§ **WHAT THE TASK REQUIRES**:
Print the records below exactly as they appear. Omit all pictures.

── ENTRIES PROVIDED ──

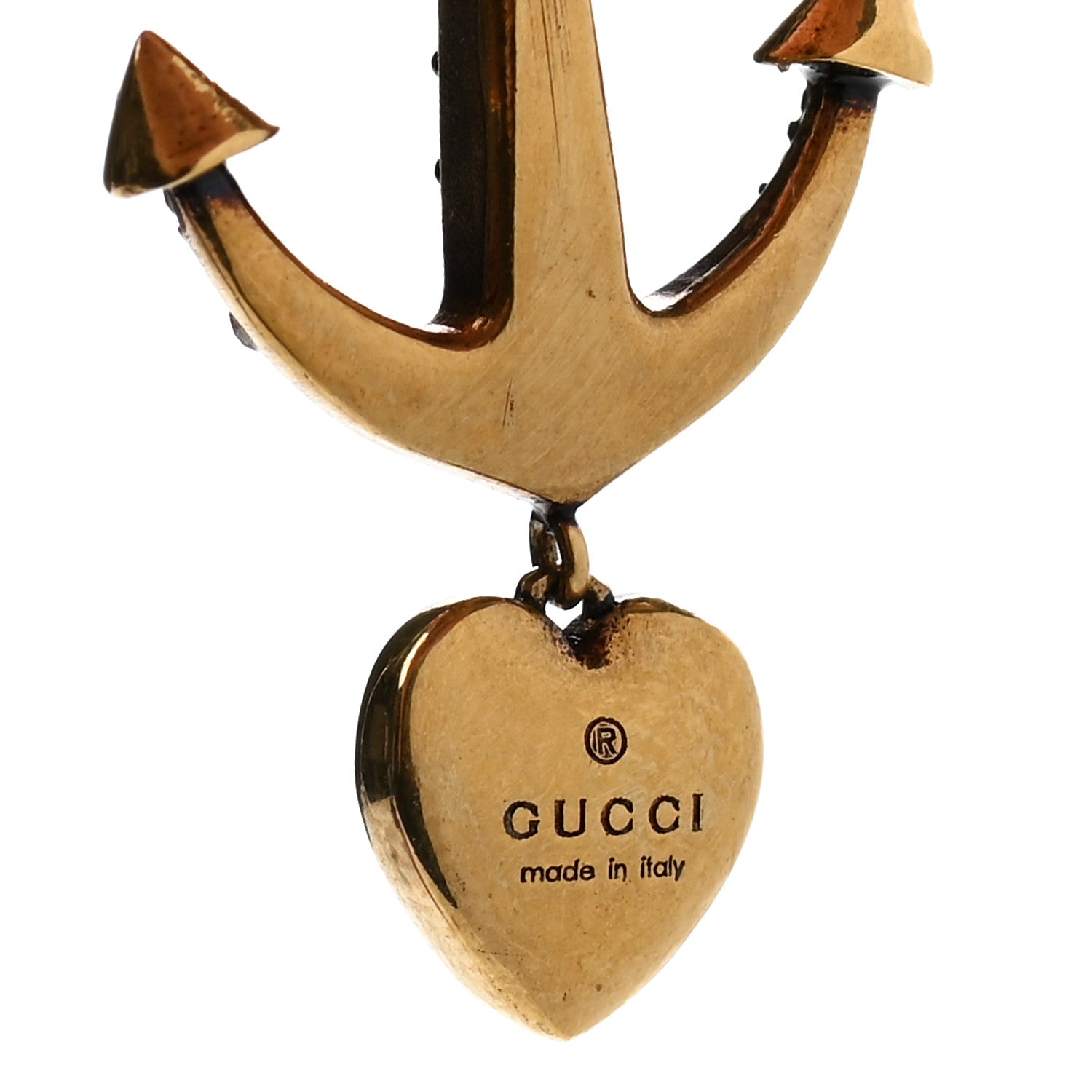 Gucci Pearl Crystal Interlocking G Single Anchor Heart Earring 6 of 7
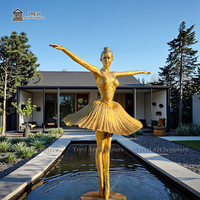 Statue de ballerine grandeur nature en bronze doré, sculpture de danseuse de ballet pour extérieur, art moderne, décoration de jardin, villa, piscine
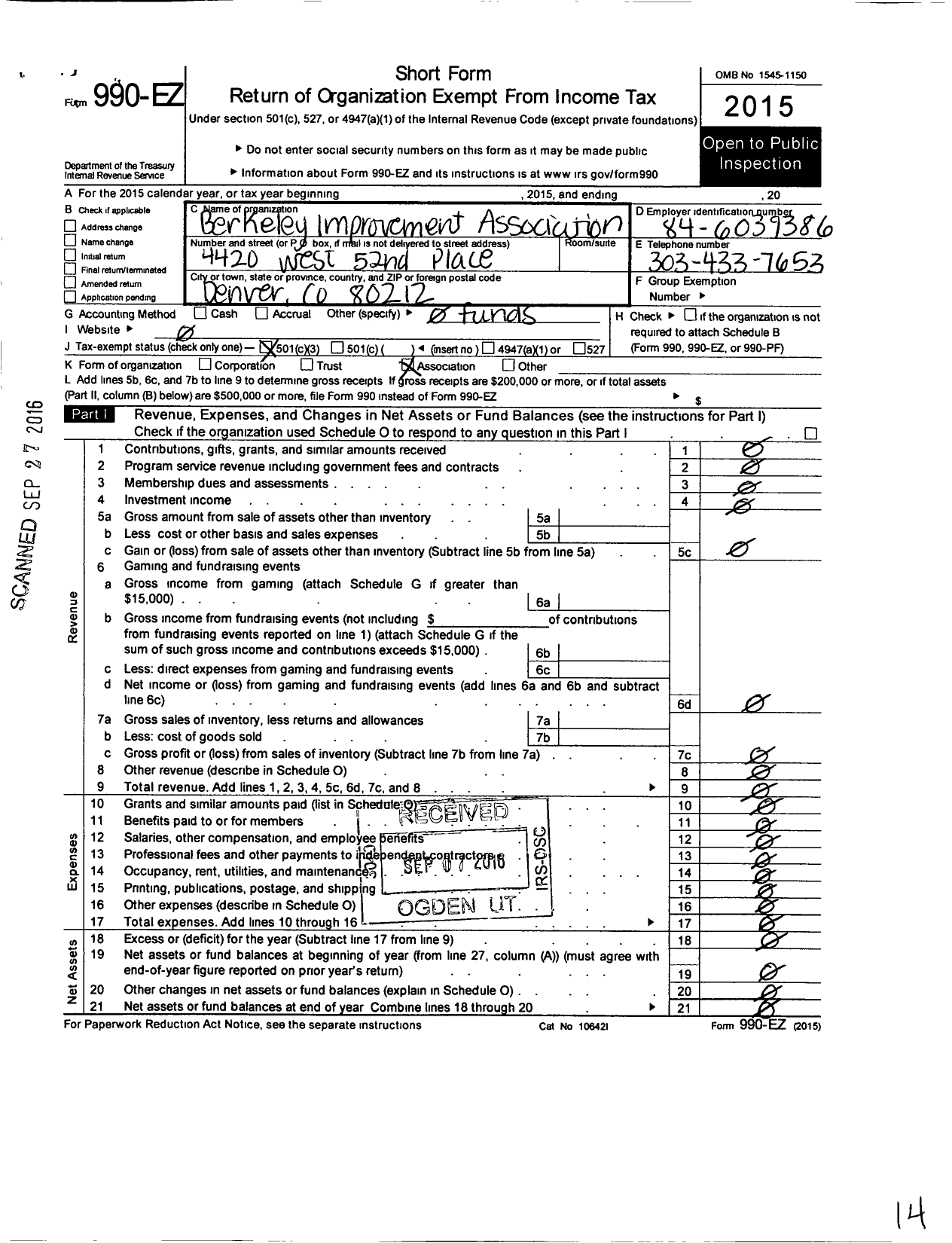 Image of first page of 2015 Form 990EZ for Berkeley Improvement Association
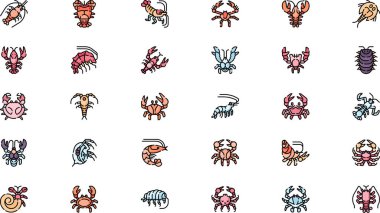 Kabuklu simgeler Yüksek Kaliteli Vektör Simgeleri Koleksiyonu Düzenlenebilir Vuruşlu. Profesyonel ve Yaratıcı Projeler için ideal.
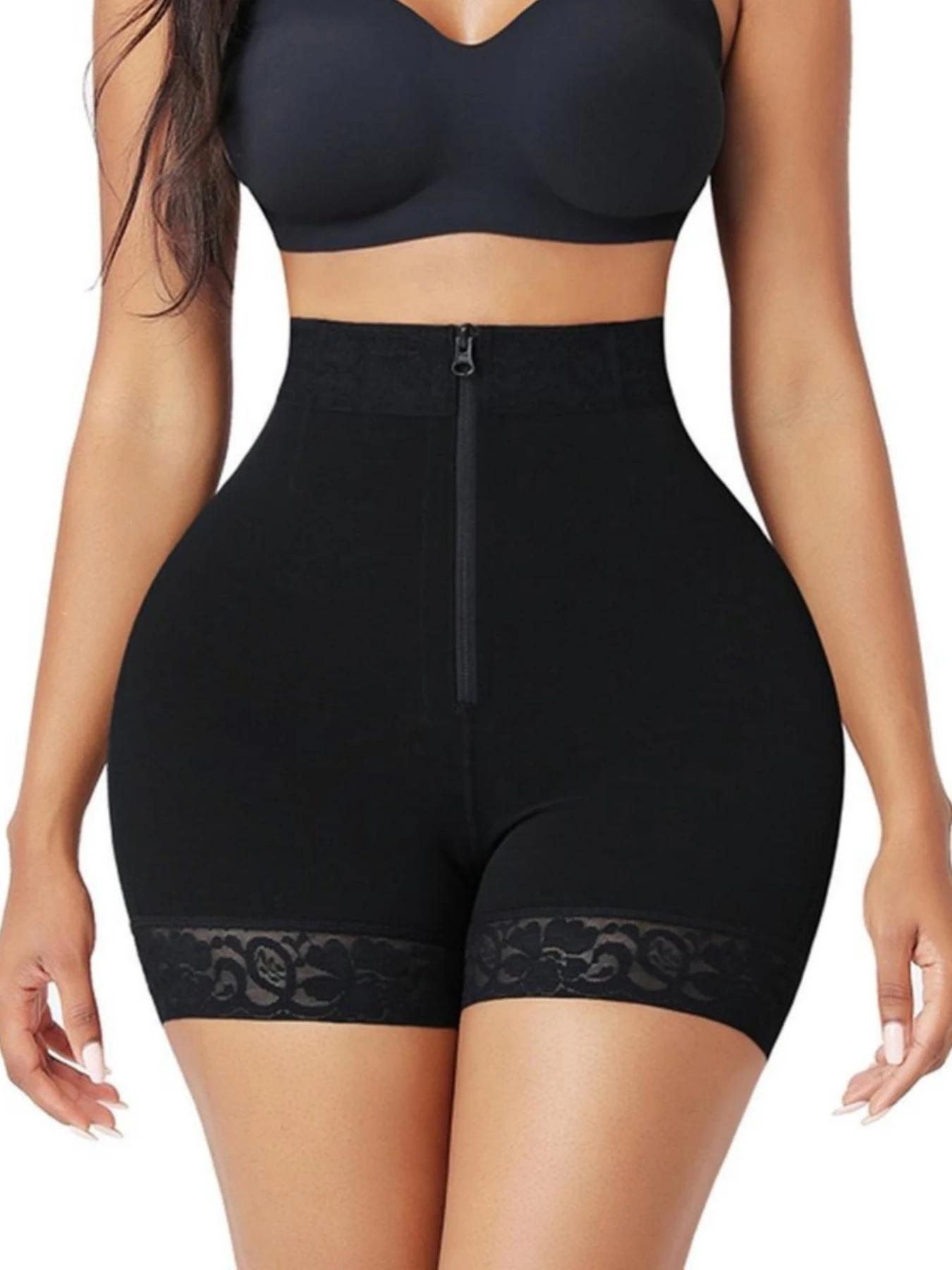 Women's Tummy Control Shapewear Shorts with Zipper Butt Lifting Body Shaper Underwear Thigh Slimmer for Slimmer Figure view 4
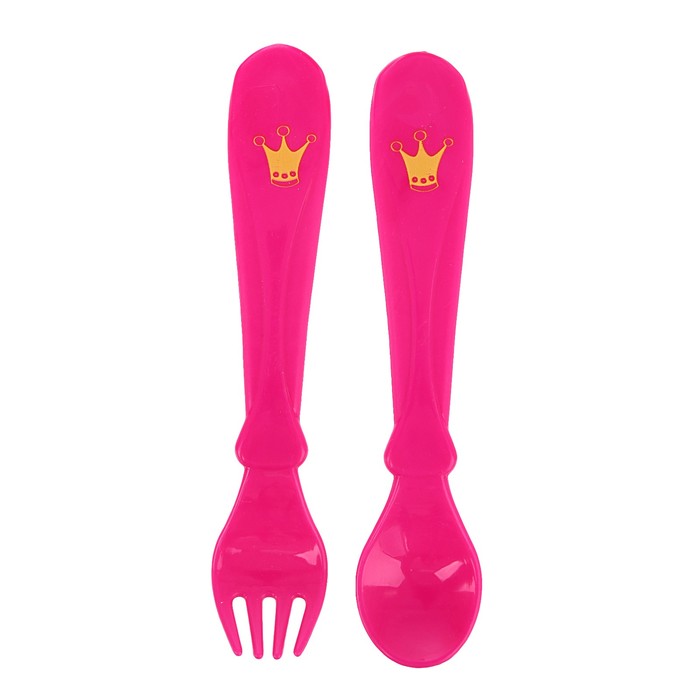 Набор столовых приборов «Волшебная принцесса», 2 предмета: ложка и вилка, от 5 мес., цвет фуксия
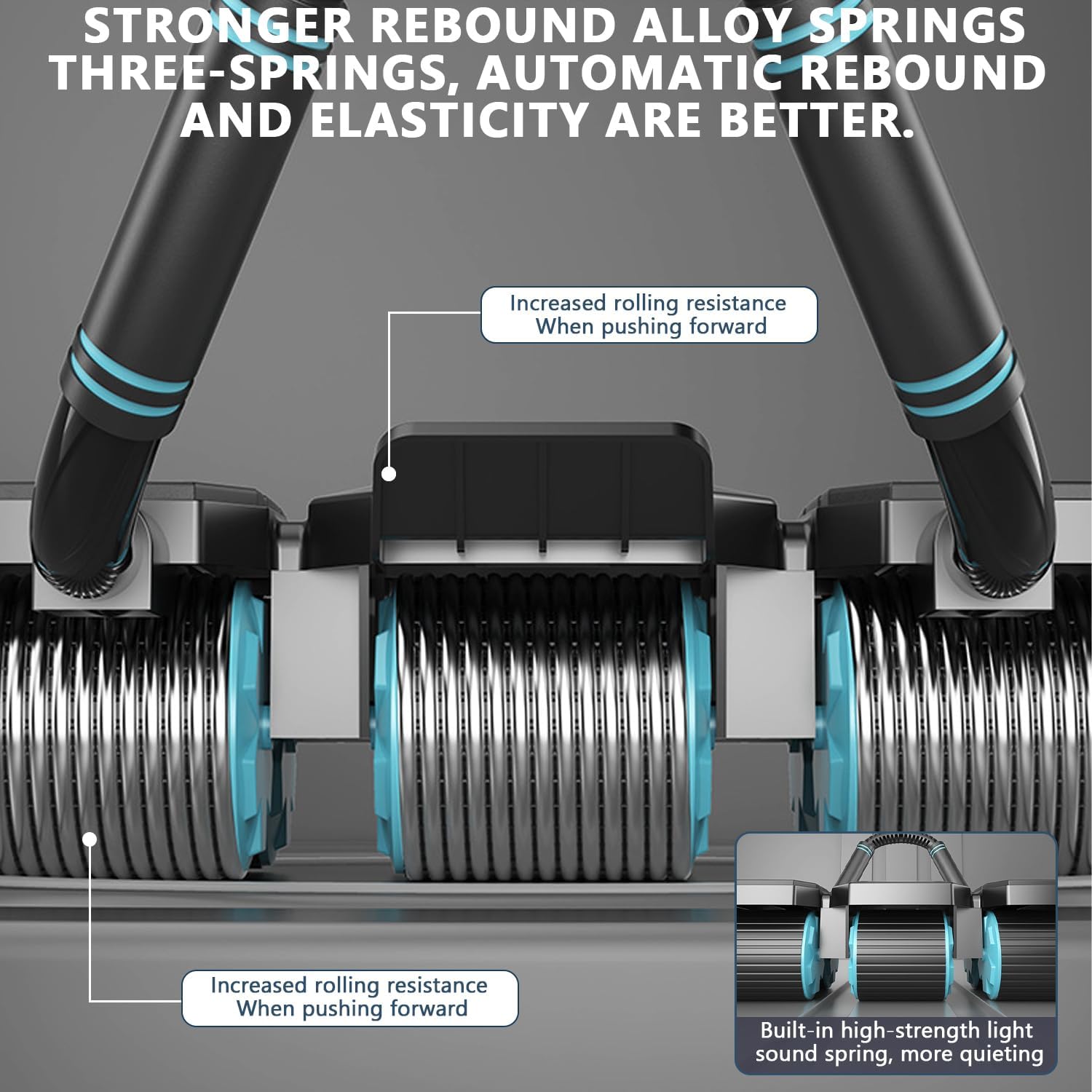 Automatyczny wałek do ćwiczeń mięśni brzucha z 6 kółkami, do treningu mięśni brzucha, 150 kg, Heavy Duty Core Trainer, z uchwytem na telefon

───

§ **EXERCISE RESPONSE**:
 Gucci Pearl Crystal Interlocking G Single Anchor Heart Earring 6 of 7
 Statue de ballerine grandeur nature en bronze doré, sculpture de danseuse de ballet pour extérieur, art moderne, décoration de jardin, villa, piscine
 Image of first page of 2015 Form 990EZ for Berkeley Improvement Association
 Kabuklu simgeler Yüksek Kaliteli Vektör Simgeleri Koleksiyonu Düzenlenebilir Vuruşlu. Profesyonel ve Yaratıcı Projeler için ideal.
 Women's Tummy Control Shapewear Shorts with Zipper Butt Lifting Body Shaper Underwear Thigh Slimmer for Slimmer Figure view 4
 Набор столовых приборов «Волшебная принцесса», 2 предмета: ложка и вилка, от 5 мес., цвет фуксия
 Automatyczny wałek do ćwiczeń mięśni brzucha z 6 kółkami, do treningu mięśni brzucha, 150 kg, Heavy Duty Core Trainer, z uchwytem na telefon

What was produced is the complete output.